Notice in the photos how mangled the top and back frame-to-dome connections are? We'll cover those ugly mistakes with the small brass dome and half-domes. At least the plastic covering the sheet metal and brass bands (mostly) survived the hammering process, leaving the surface scuff-free and making it easier to polish later.
Step 7: Rivet the Helmet Together
Now that everything fits together and fits your head, it's time to rivet the helmet together with "permanent" rivets. (don't worry the rivets can be easily drilled out if you make a mistake).
Before you begin, remove any protective plastic that remains on the pieces and polish them using the buffer and buffing compound.
One by one, remove the temp rivets and replace with a 1/8" diameter rivet (either 1/4" or 1/8" depending on how many plates are stacked in that spot).
Then drill 1/8" holes about every 2.5" (or less to space them nicely) on the edges of each dome piece, and rivet with a 1/8" rivet (again either 1/4" or 1/8" depending on how many plates are in that spot), bolting it through the helmet frame. If a rivet keeps pulling through either use a longer rivet and/or use a rivet washer on the inside to add strength. I drew guide lines to keep the rivets lined up nicely.
Notice the top and back still look pretty ugly; they'll be covered with the small brass domes in the next step.
The last two photos show how it looks after being polished with the buffer and buffing compound.
Step 8: Decorate the Helmet
This is where you add the finishing touches to your helmet (and hide your mistakes).
Remember the ugly mess in the front, back, and top of the helmet?
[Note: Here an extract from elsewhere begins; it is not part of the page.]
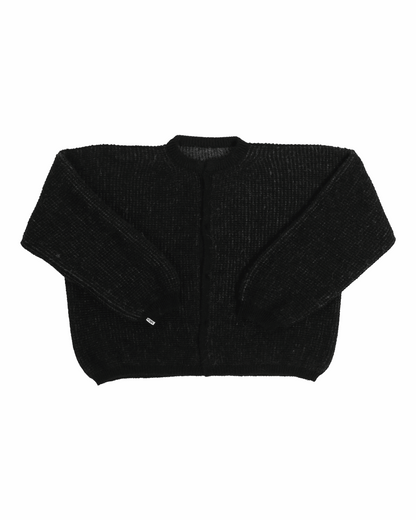 cardigan bicolor oversized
Now we hide those behind decorative plates that not only hide any mistakes but also add additional strength to the helmet.
Cut two circles from the brass plate large enough to cover any mistakes (like extra holes, crooked joins, etc) on the top, front, or back.
Dish out the two brass circles into shallow domes. Cut one in half. The full dome needs to be fitted and riveted to the top of the helmet, covering the rivets and rib/spine joins. One of the half-domes needs to be fitted and riveted to the front of the helmet and the remaining half-dome needs to be riveted to the back of the helmet (as seen in the photos).
As you can see, I've left the wing nuts on the sides of the helmet because I'm eventually going to add further decoration to the helmet (in another tutorial).
Step 9: Pad the Inside of the Helmet
Now all that's left is to add padding to the interior of the helmet.
Cut sections out of the 1/2" closed foam padding and fit to the inside of the helmet. Use a strong multipurpose adhesive, like Beacon's Quick Grip, to glue the padding to the interior of the helmet. The Quick Grip is as strong as super glue but takes a minute to set, giving you time to slide everything into the positions you want.
Once dried, the helmet should fit snugly to your head.